--- SUPPLIED DATA Enclosed Below ---
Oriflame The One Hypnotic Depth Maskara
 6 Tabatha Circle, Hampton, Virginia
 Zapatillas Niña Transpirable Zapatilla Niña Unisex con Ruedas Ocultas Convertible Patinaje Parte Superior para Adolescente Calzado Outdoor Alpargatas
--- End of Enclosed SUPPLIED DATA ---
*WORK TO BE COMPLETED*.
The lines above should be duplicated exactly.

*SOLUTION*.
Oriflame The One Hypnotic Depth Maskara
 6 Tabatha Circle, Hampton, Virginia
 Zapatillas Niña Transpirable Zapatilla Niña Unisex con Ruedas Ocultas Convertible Patinaje Parte Superior para Adolescente Calzado Outdoor Alpargatas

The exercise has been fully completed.